Last year, India jumped 23 spots to rank 77th in the Ease of Doing Business index
New Delhi: The legal bottleneck in the country with its massive backlog of cases, is a key issue that is detracting from the ease of doing business and discouraging foreign investors from investing in India, the Economic Survey said today. The backlog of cases, not just at the courts but economic tribunals and the tax department, is constraining economic growth.
"In spite of a number of actions to expedite and improve the contract enforcement regime, economic activity is being affected by the long shadow of delays and pendency across the legal landscape," said the survey, presented earlier today by Chief Economic Advisor K Subramanian.
Last year, India jumped 23 spots to rank 77th in the Ease of Doing Business index. While the biggest gain was in construction permit, the country lagged when it came to enforcement of contract.
"India, the survey report said, continues to lag on the indicator for enforcing contracts, climbing only one rank from 164 to 163 in the latest report of EODB (Ease of Doing business), 2018. Contract enforcement remains the single biggest constraint to improve our EODB ranking," it added.
The solution, the survey said, was to appoint more judges.
"A case clearance rate of 100 per cent (i.e. zero accumulation) can be achieved with the addition of merely 2,279 judges in the lower courts and 93 in High Courts even without efficiency gains.

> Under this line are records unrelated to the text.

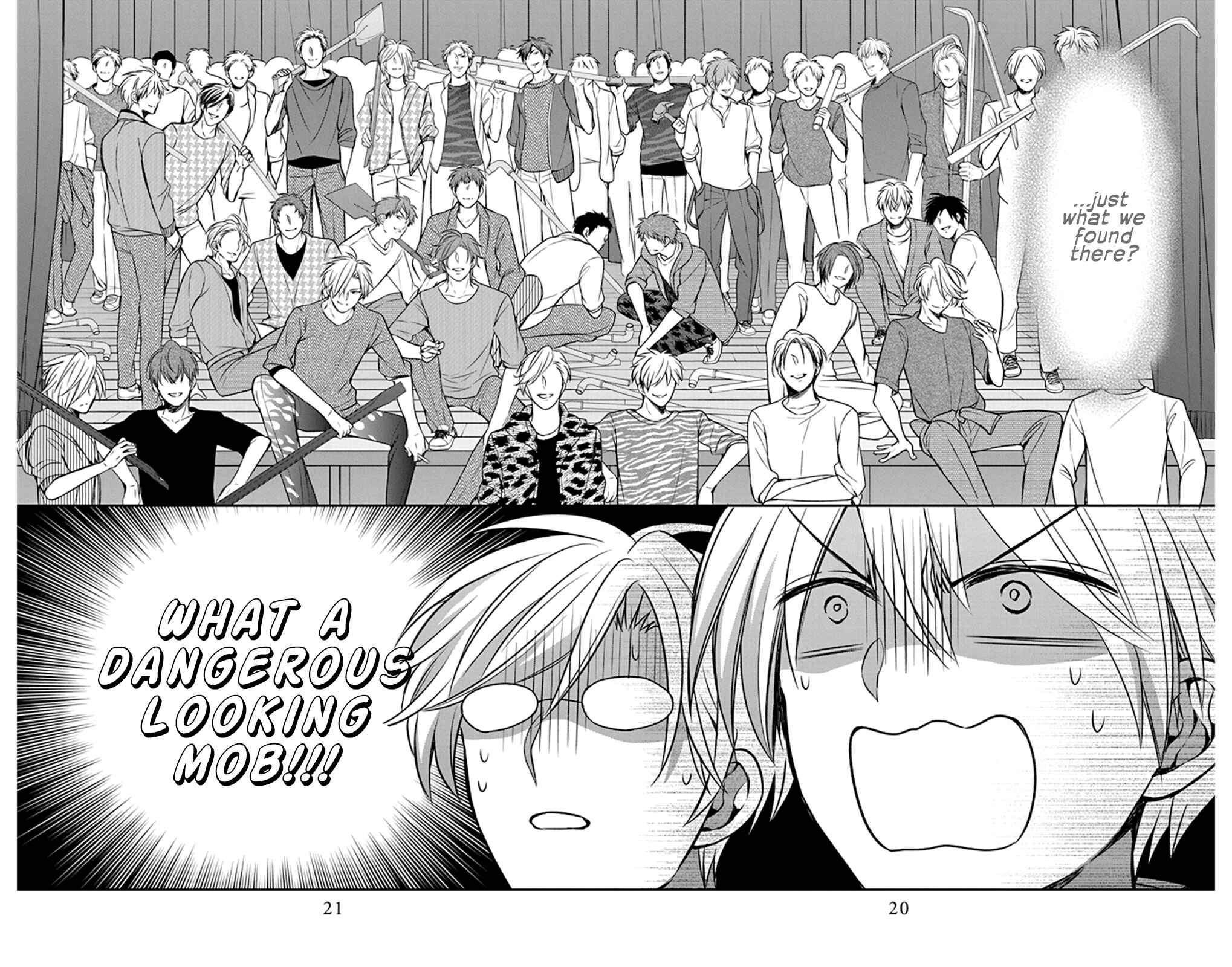 Page 19 Chapter 159 Oresama Teacher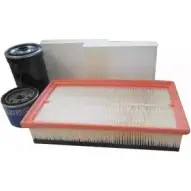 Комплект фильтров для ТО HOFFER IWU UWH 2624115 M8Y106 FKFIA092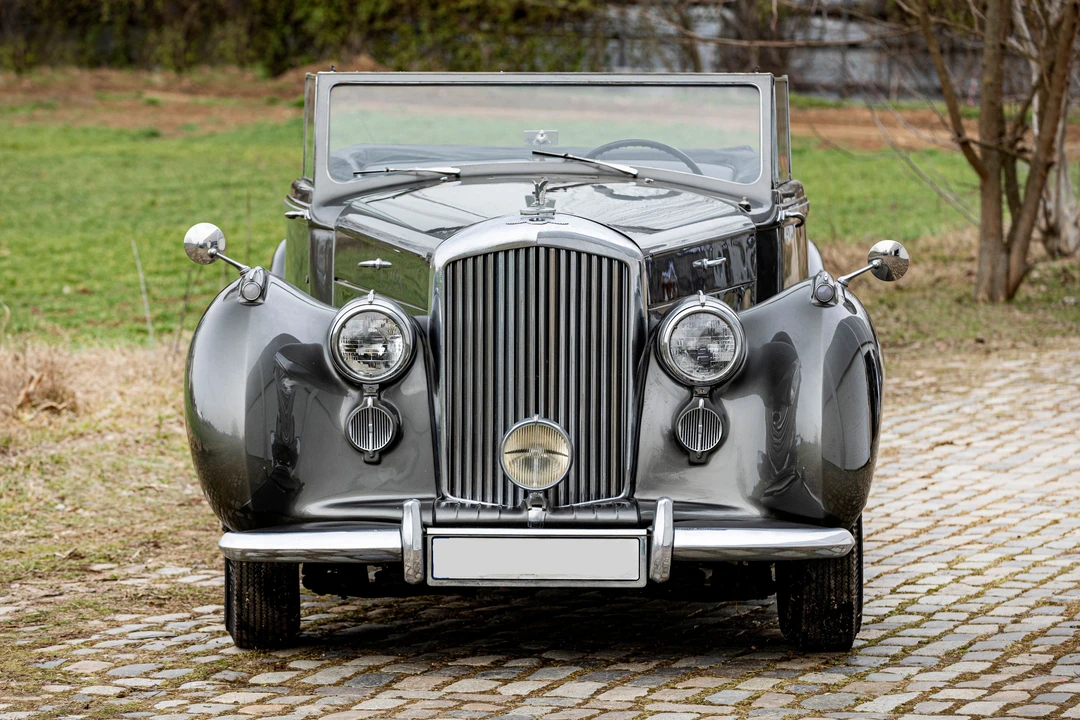 1949 Bentley Mark VI - Image 18 of 31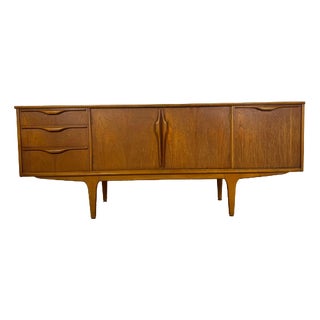 Mid-Century Modern Sideboard in Teak, 1960s For Sale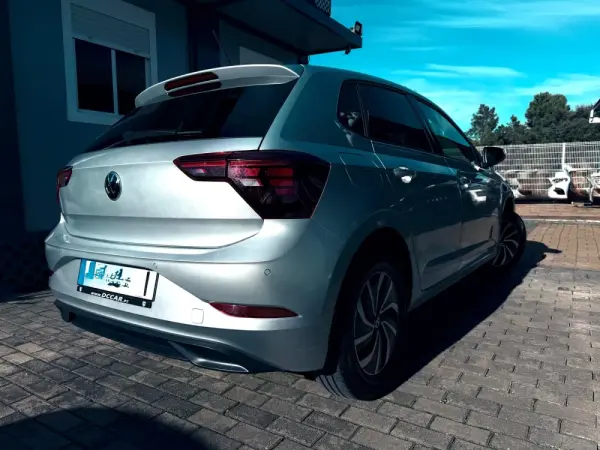 Volkswagen Polo 1.0 TSI Life 4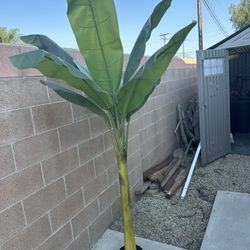 Palm Tree Faux Plant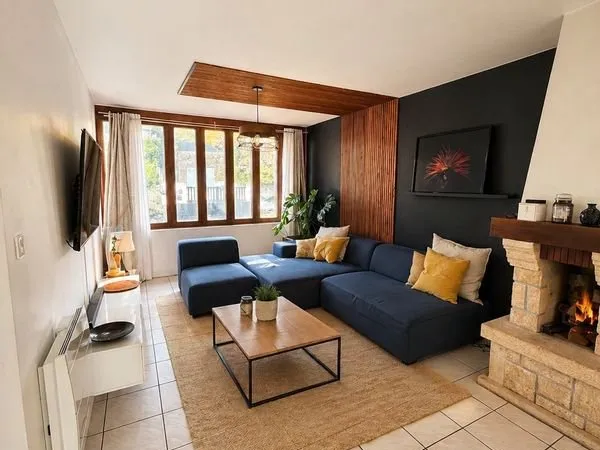 Maison familiale meublée - Palaiseau (Quartier du Pileux) / Plateau de Saclay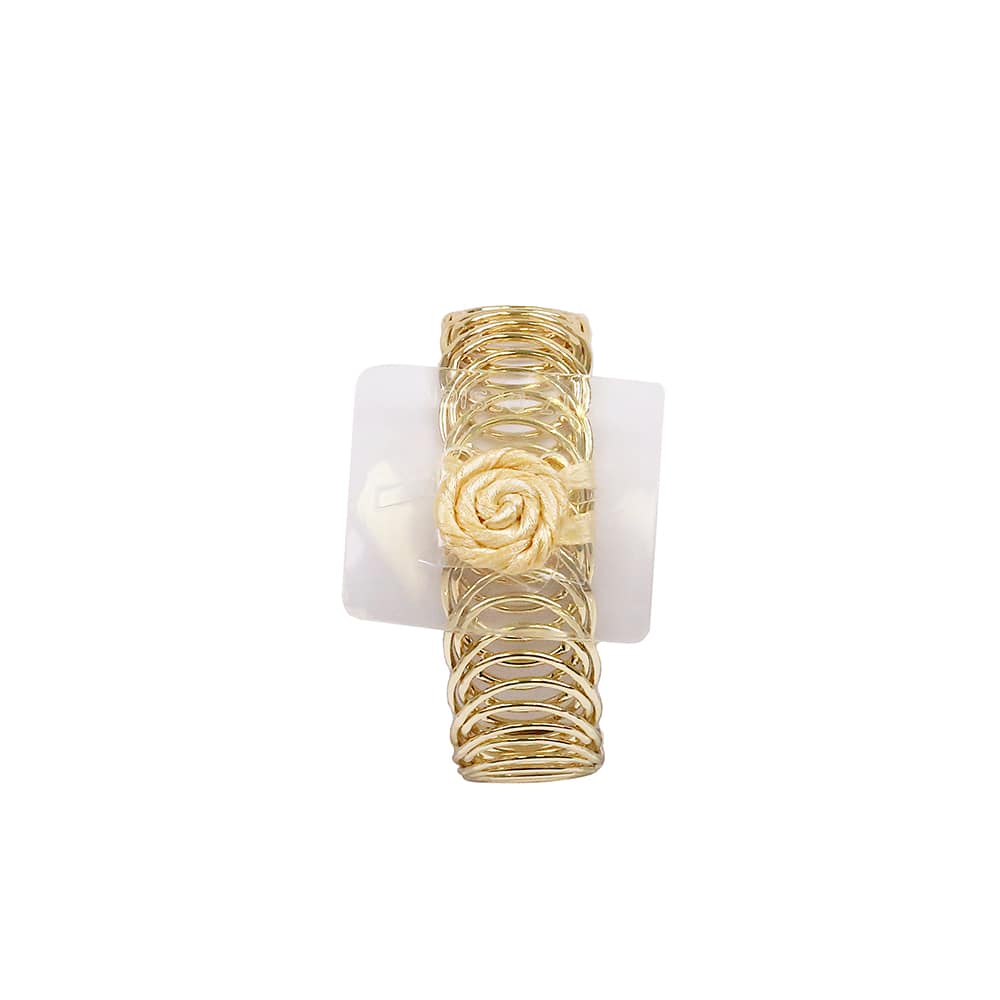 JAM Paper Harmony Flower Bracelet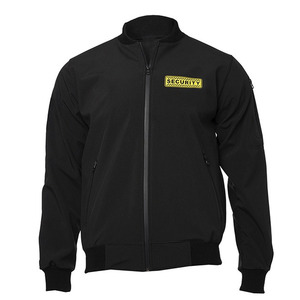 Veste de travail réfléchissante pour hommes, vêtements de sécurité durables avec un design pratique pour les applications en extérieur - Product Image 1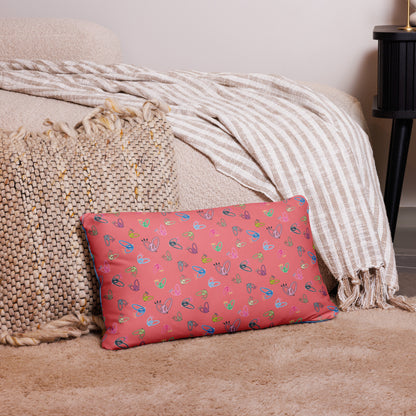 Epic Whizz® Heart_Pattern_Pillow Case_Froly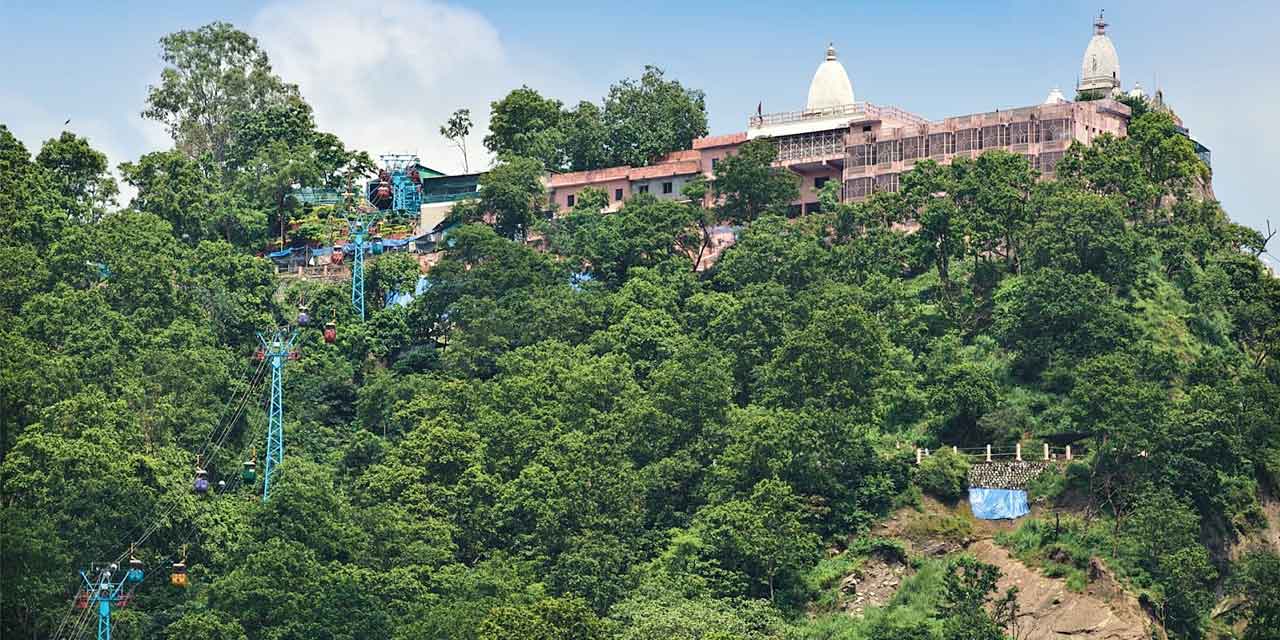 Mansa Devi Temple, Haridwar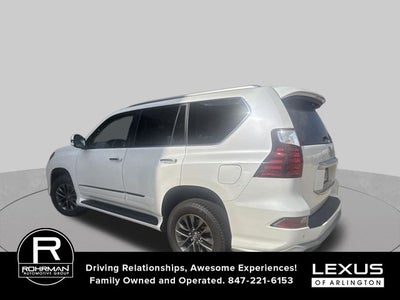 2017 Lexus GX GX 460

This is already within sanctioned strength and only needs filling vacancies," said the survey.
In 2018, the country's Case Clearance Rate -- the ratio of number of cases completed to those filed in a year - stood at 88.7%. But states like Madhya Pradesh, Assam and Tamil Nadu had a case clearance ratio of nearly 100 per cent. In states like Bihar, Odisha and West Bengal, the rate was between 55% and 78%.